TASK PROMPT: Would you please print exactly the lines that run from the one with "Doosan DX19 - حفارة مصغرة: صور 2 Doosan" to the last line of the data, both included, without any pictures?

== PROVIDED INFORMATION ==

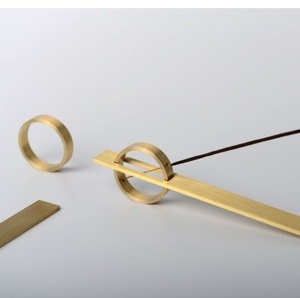 Porte-bâton d'encens en métal doré design floral brûleur d'arôme en laiton de luxe autel de table moderne déco accessoire de méditation fait main - Product Image 4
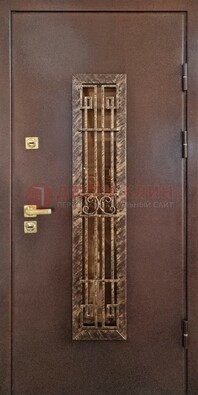 Металлическая дверь с порошковым напылением со стеклом и ковкой ДСК-110 в Красногорске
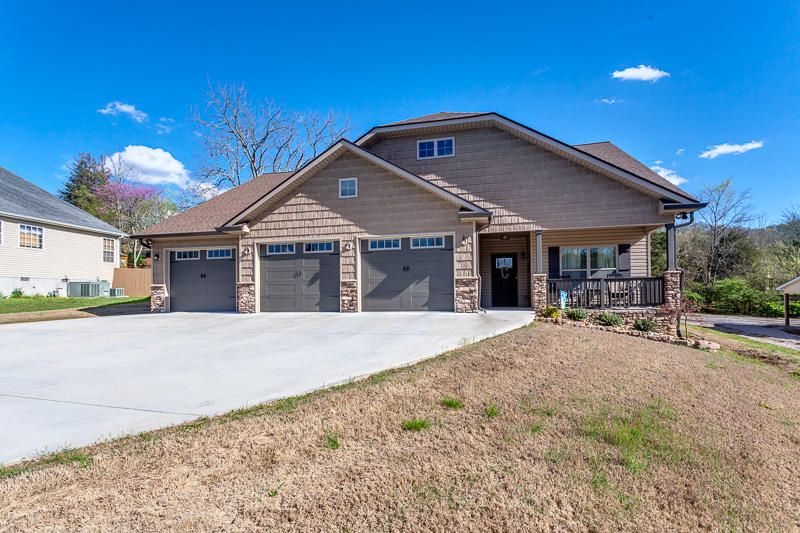 508 Little Brook Ln, Powell, TN 37849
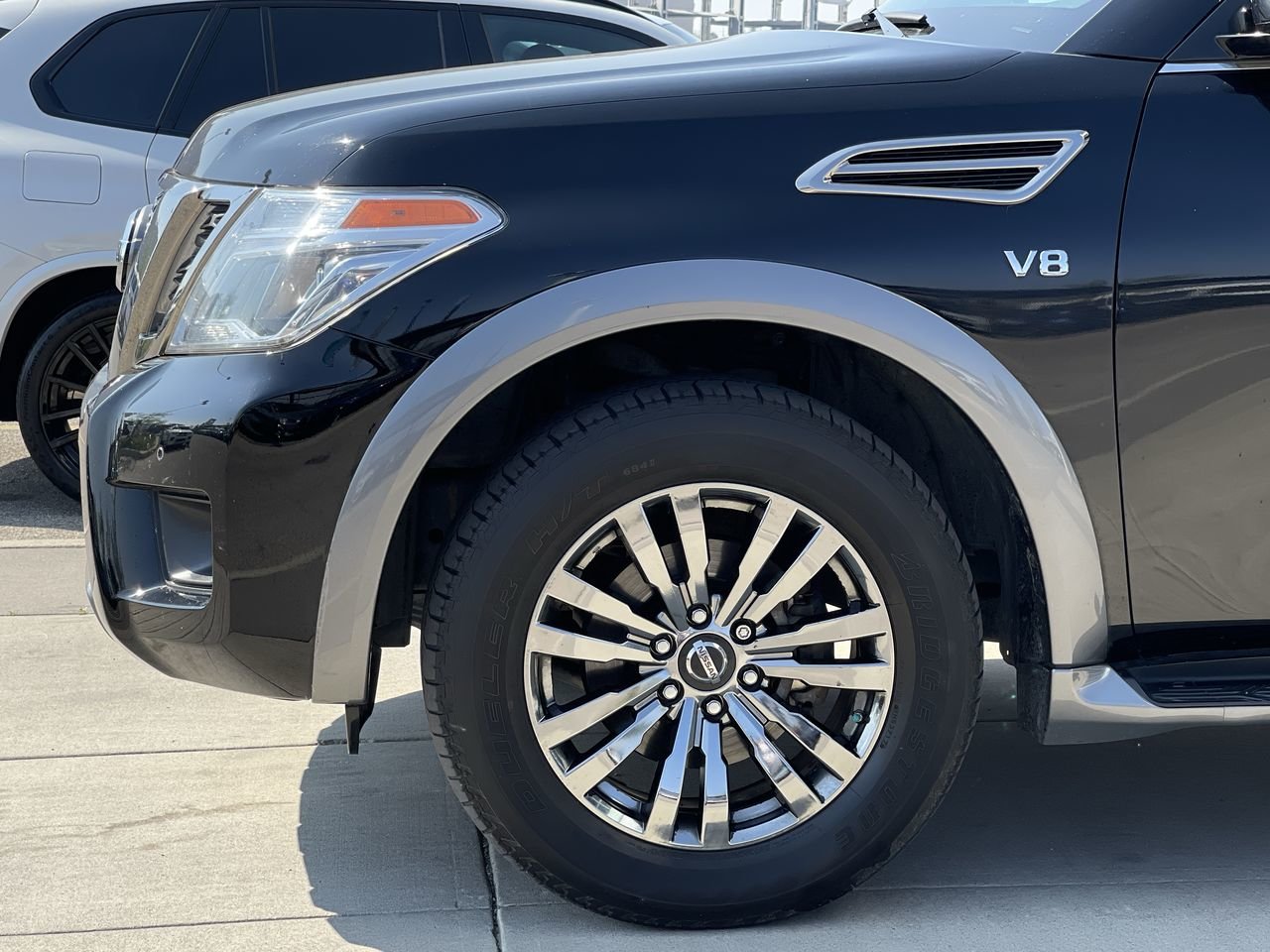 Used 2018 Black Nissan Platinum image 18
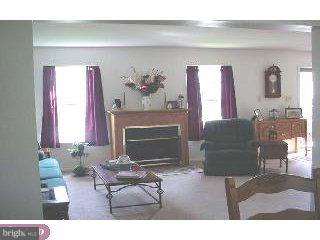 372 Sapling Way Atco, NJ 08004 - Photo 3 of 5 Gallery Image 3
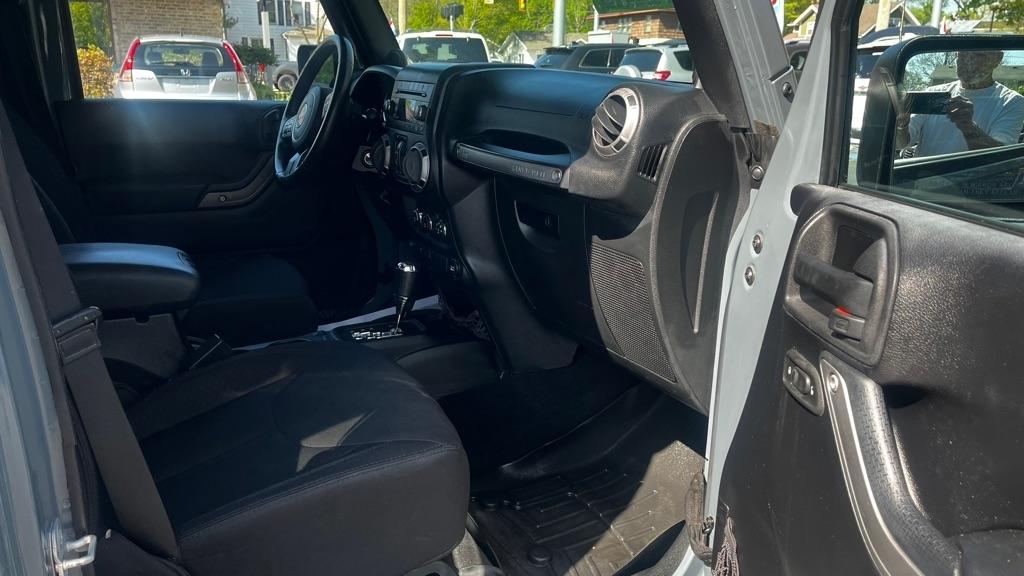 Jeep Wrangler Unlimited Sport 4WD 2014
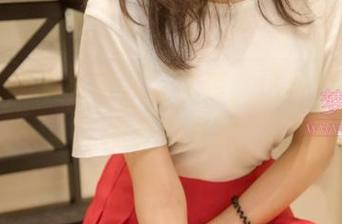梦丝女神 - 高清刘诺泳装，这颜值真让人想多看几眼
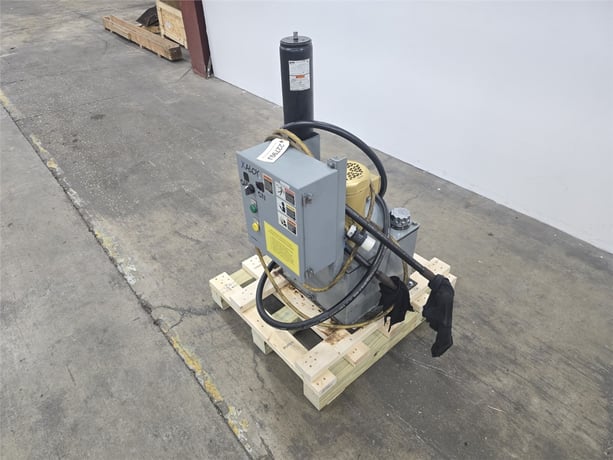 2 HP Xaloy, hydraulic power unit, Parker 366 cu. in. piston accumulator, 4,000 PSI, 1,200 PSI precharge, 1755 - Image 9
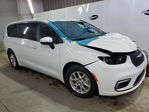 Chrysler Pacifica 2023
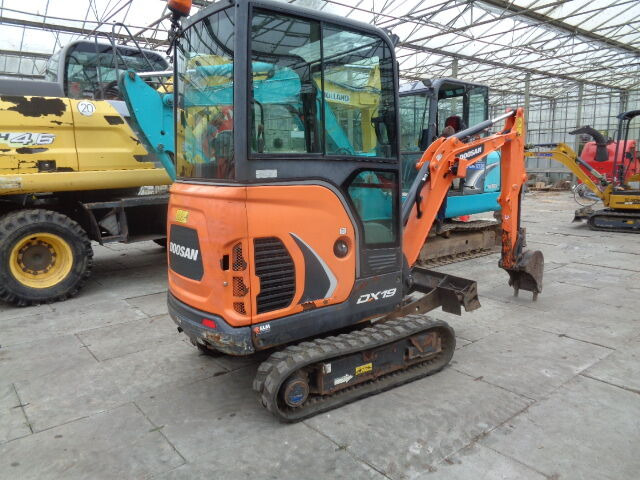 Doosan DX19 - حفارة مصغرة: صور 2 Doosan DX19 - حفارة مصغرة: صور 2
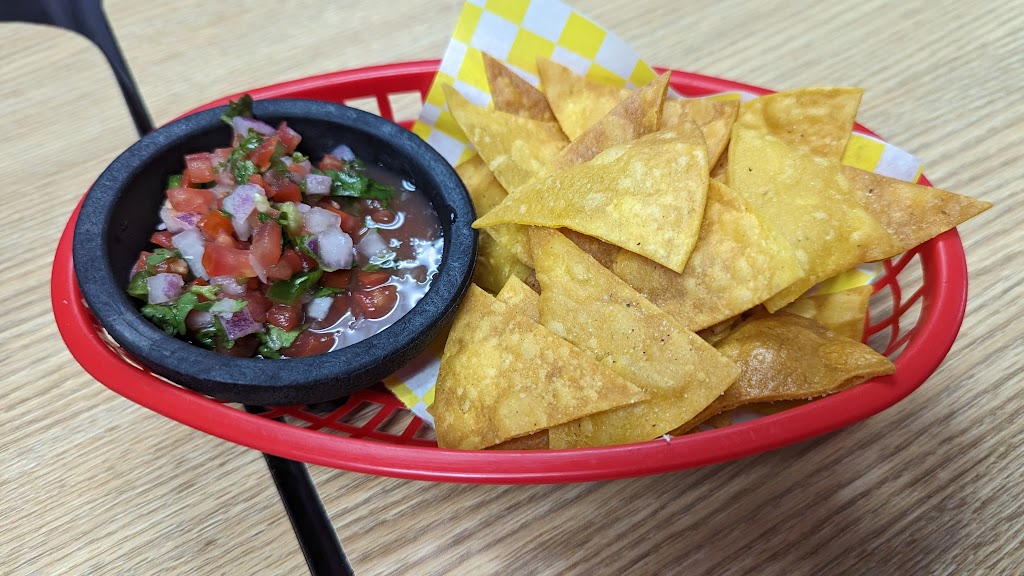 Las Flores Mexican | restaurant | 12384 Quail Roost Dr, Miami, FL 33177, USA | 7868279630 OR +1 786-827-9630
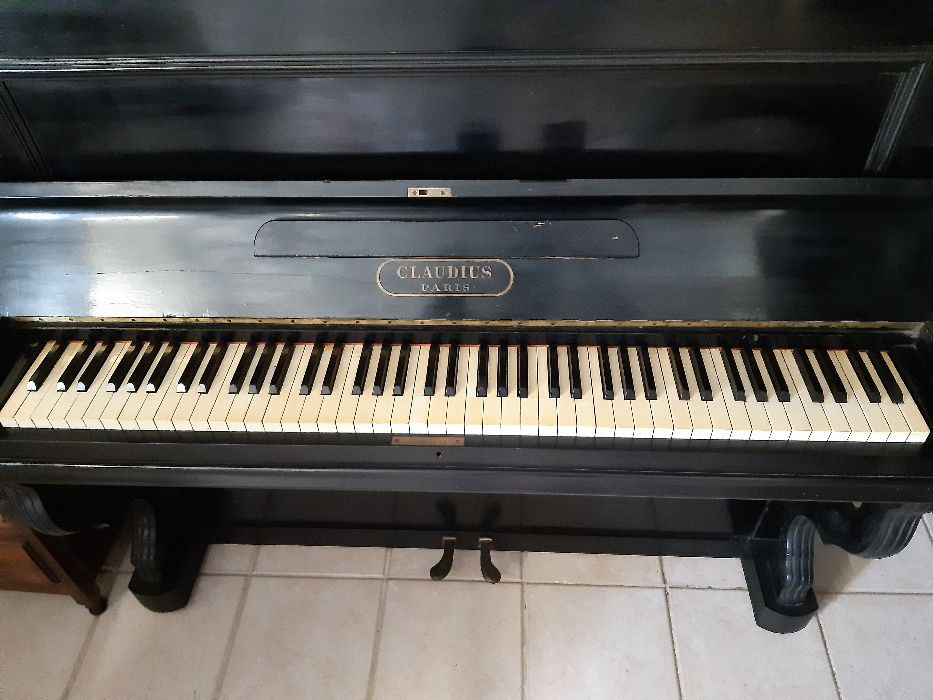 Piano vertical antigo Claudios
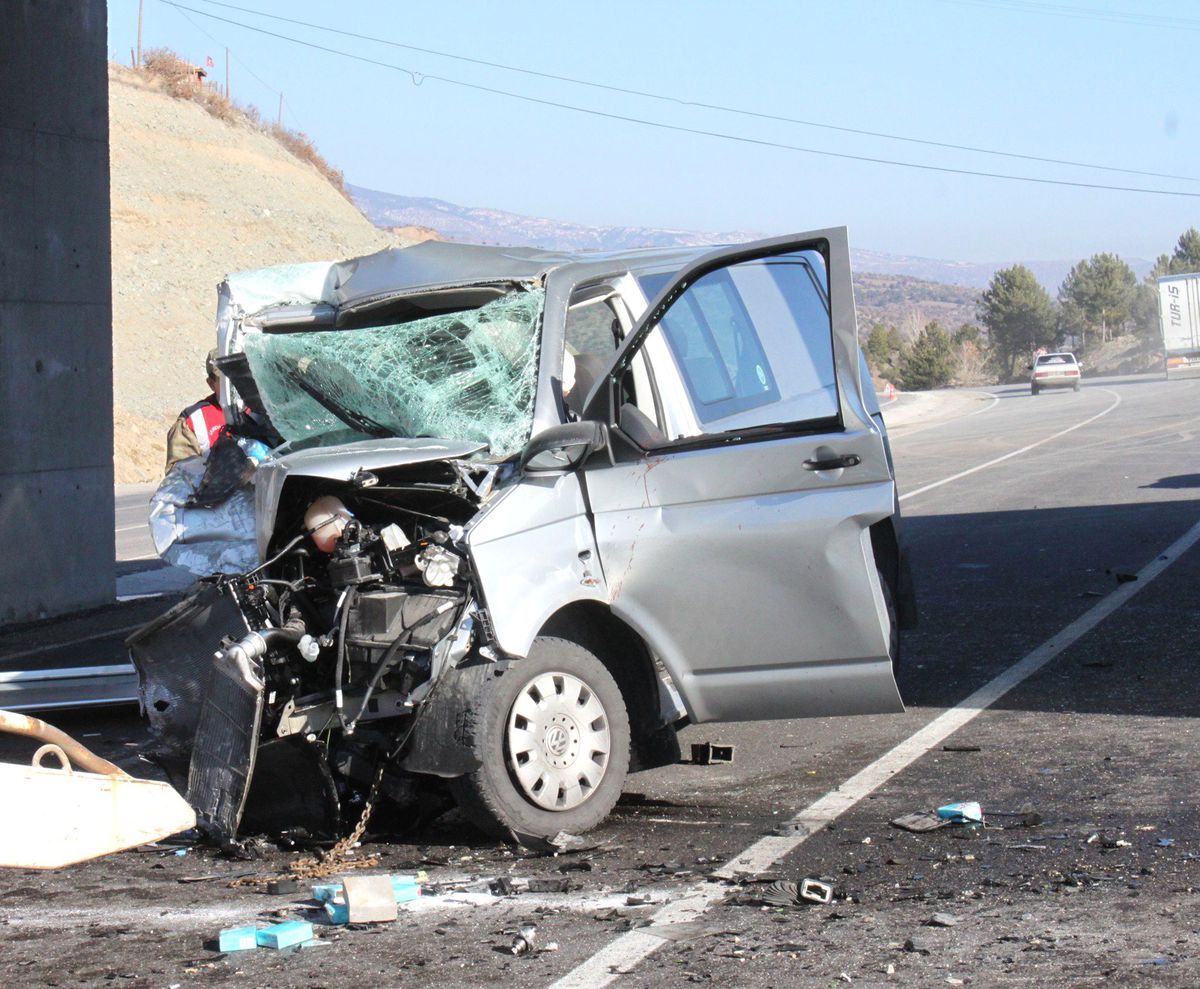 Tosya'da Feci Kaza: 2 Ölü, 3 Yaralı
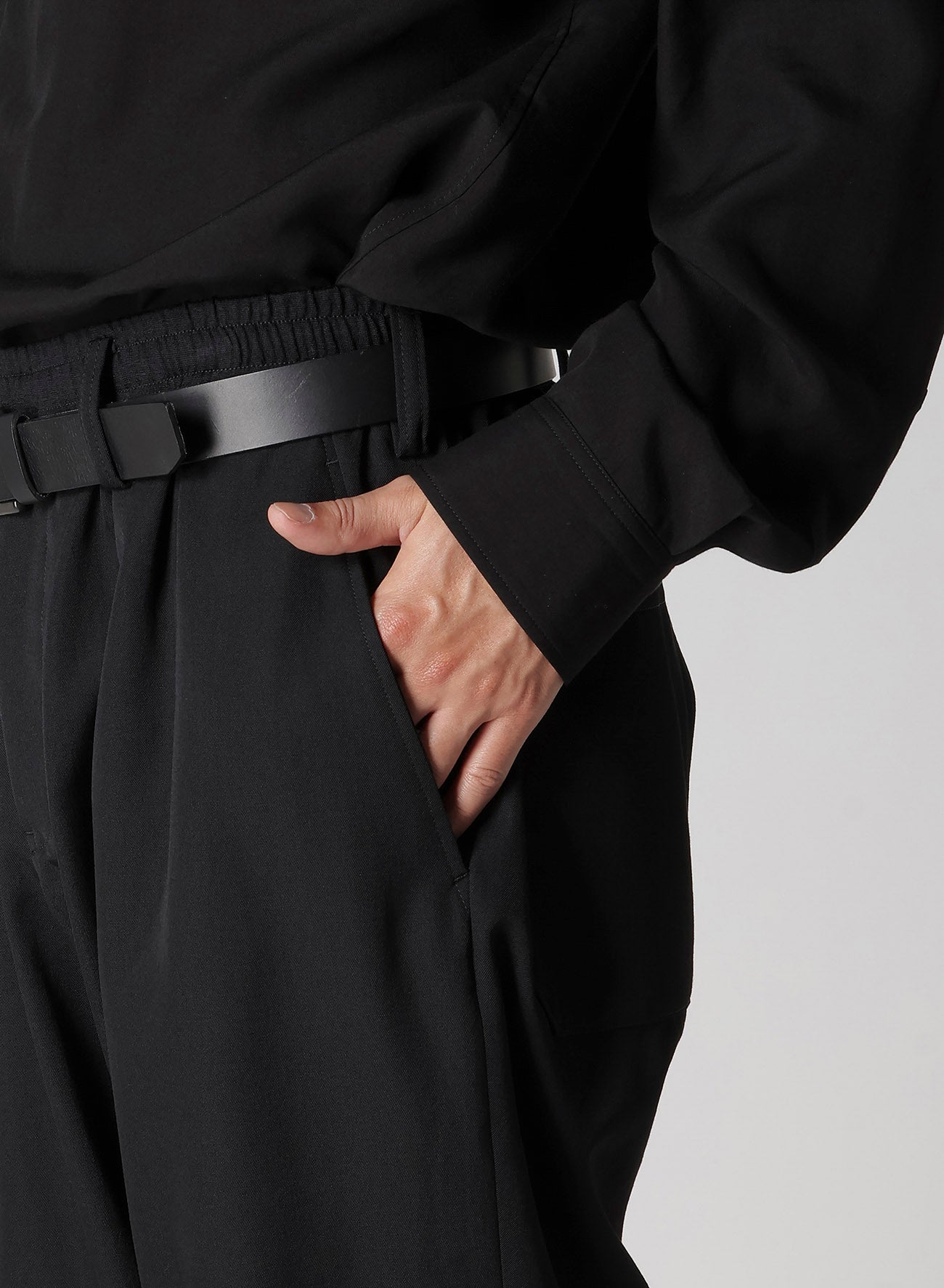 REGULATION GABARDINE W RIB POCKET PANTS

===

YOUR SOLUTION:
 Doosan DX19 - حفارة مصغرة: صور 2 Doosan DX19 - حفارة مصغرة: صور 2
 Las Flores Mexican | restaurant | 12384 Quail Roost Dr, Miami, FL 33177, USA | 7868279630 OR +1 786-827-9630
 Piano vertical antigo Claudios
 Tosya'da Feci Kaza: 2 Ölü, 3 Yaralı
 REGULATION GABARDINE W RIB POCKET PANTS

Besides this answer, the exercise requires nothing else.